■ What the task asks: Only the lines in the entries below from the line with "Therefore, all E" to the line with "Hello YouTube and", both included, belong in the answer, transcribed exactly and without pictures.

Extracted records Block Start

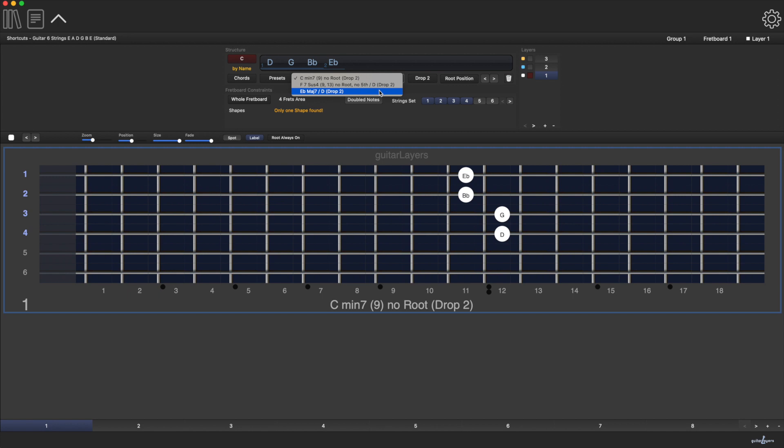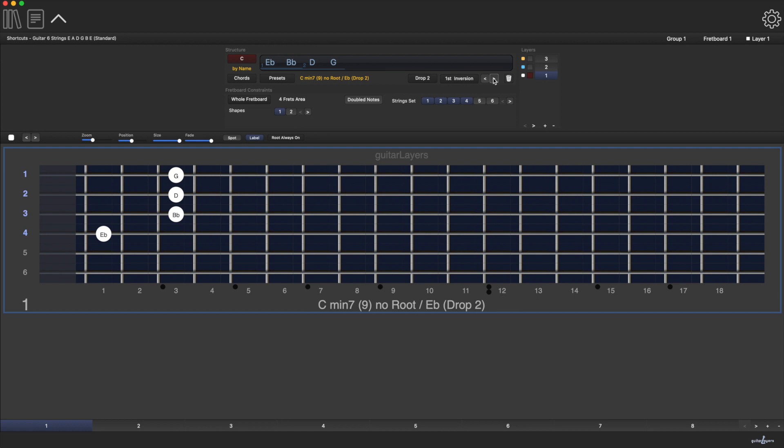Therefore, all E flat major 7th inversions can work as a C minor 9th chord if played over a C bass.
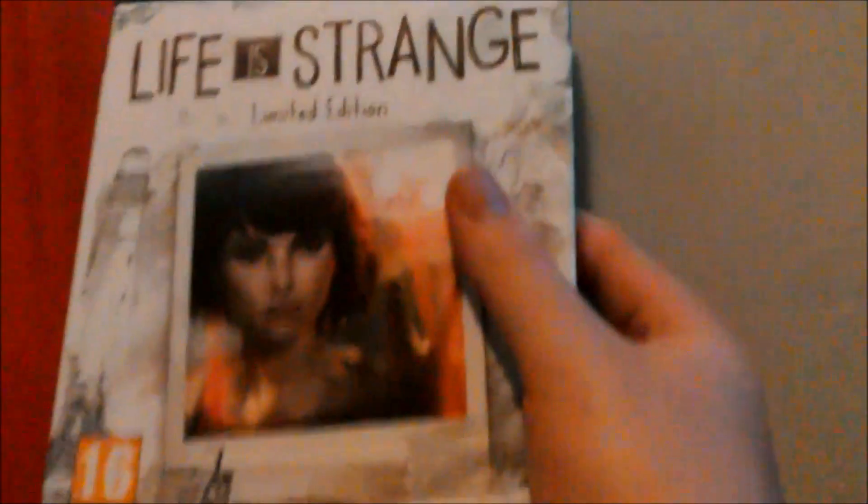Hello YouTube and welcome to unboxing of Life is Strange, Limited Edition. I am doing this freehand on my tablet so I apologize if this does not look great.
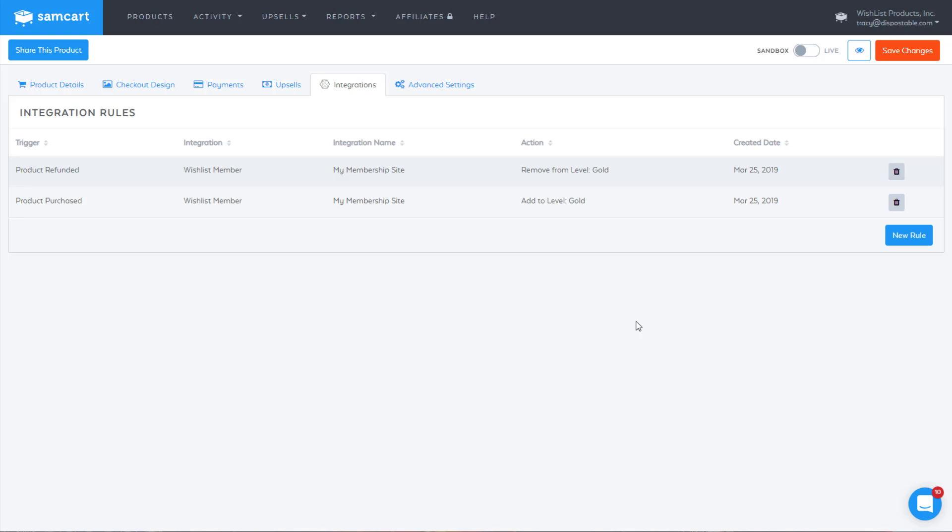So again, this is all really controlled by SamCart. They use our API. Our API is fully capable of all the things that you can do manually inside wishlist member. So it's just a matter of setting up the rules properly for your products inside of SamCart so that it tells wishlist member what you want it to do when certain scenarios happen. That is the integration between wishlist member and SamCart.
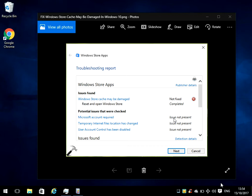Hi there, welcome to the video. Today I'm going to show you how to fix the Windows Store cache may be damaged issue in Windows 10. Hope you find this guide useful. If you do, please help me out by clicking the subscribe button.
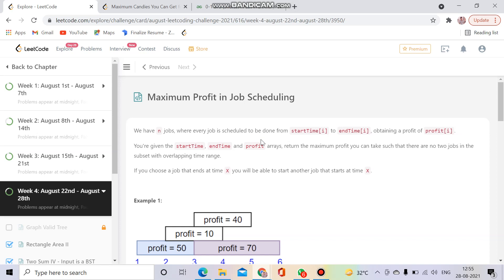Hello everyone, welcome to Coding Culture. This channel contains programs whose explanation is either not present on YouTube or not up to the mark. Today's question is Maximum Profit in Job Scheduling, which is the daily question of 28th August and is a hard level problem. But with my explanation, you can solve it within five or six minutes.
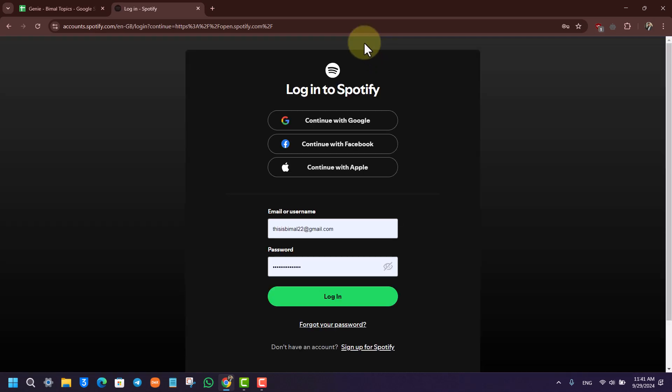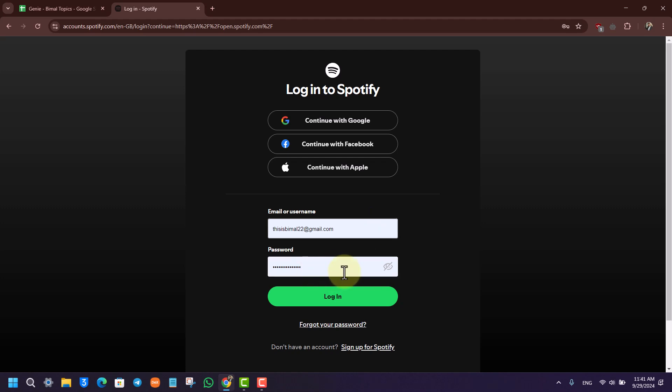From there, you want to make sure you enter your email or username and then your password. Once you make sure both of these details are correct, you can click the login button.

Extracted records Block End
Extracted records Block Start

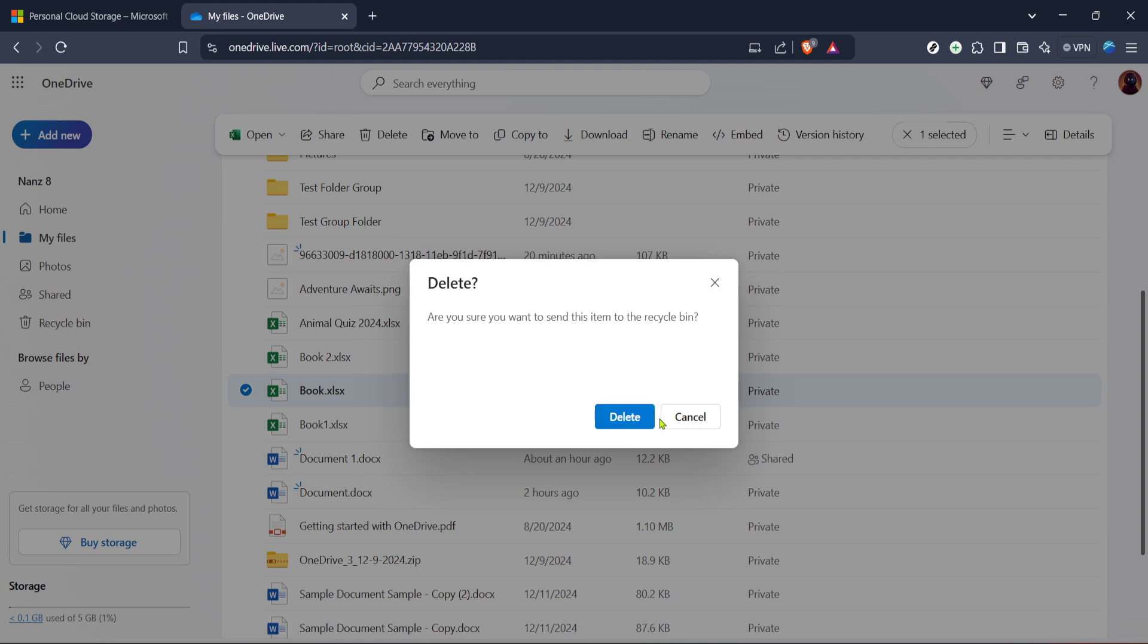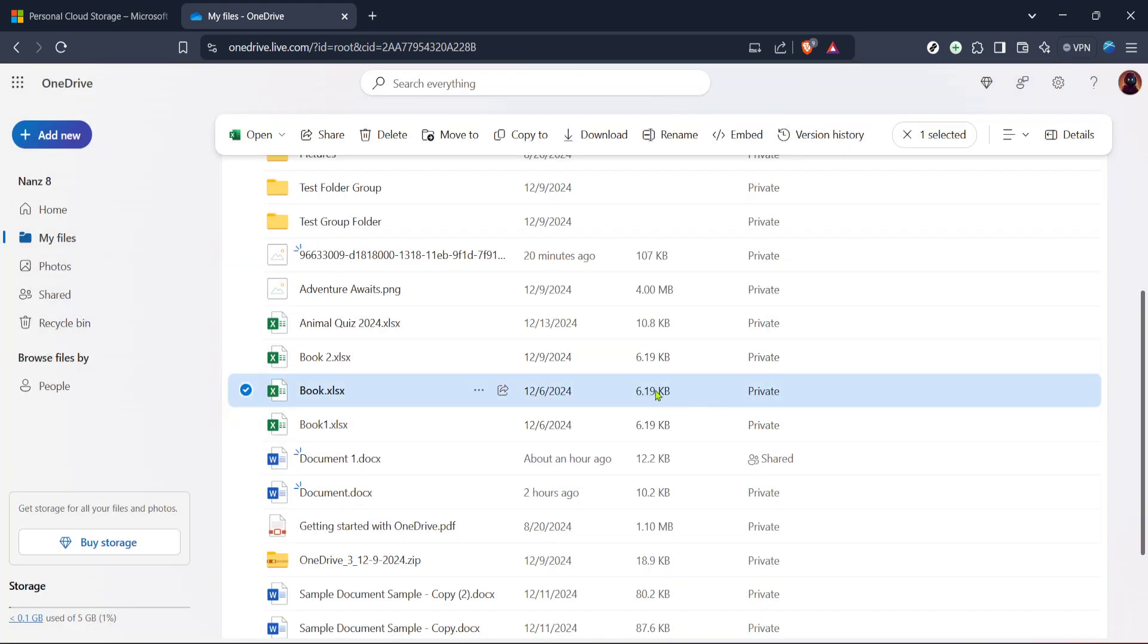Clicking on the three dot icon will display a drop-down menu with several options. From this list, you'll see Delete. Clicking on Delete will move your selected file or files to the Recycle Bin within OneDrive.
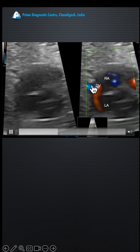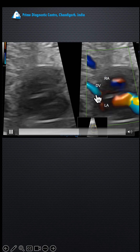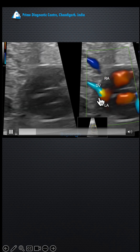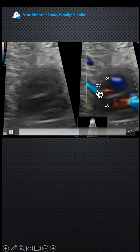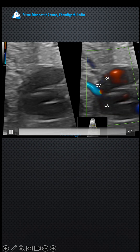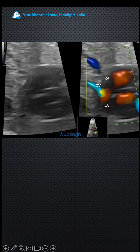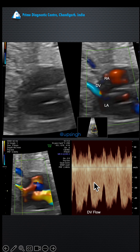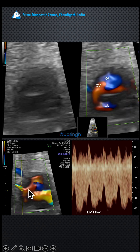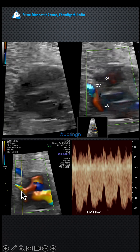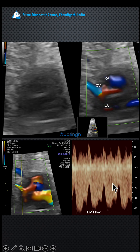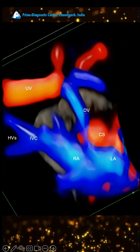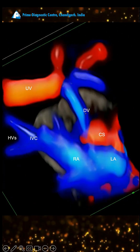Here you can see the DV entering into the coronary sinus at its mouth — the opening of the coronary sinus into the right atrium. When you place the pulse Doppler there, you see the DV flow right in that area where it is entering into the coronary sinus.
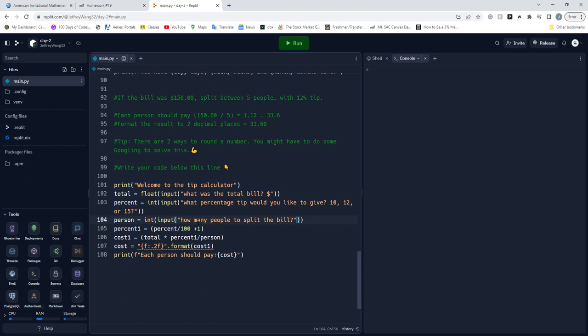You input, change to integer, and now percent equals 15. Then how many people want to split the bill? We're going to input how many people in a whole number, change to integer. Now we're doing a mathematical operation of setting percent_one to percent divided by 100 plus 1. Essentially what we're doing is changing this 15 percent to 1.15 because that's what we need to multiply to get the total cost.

Extracted records Block End

■ Solution to the exercise:
Therefore, all E flat major 7th inversions can work as a C minor 9th chord if played over a C bass.
Hello YouTube and welcome to unboxing of Life is Strange, Limited Edition. I am doing this freehand on my tablet so I apologize if this does not look great.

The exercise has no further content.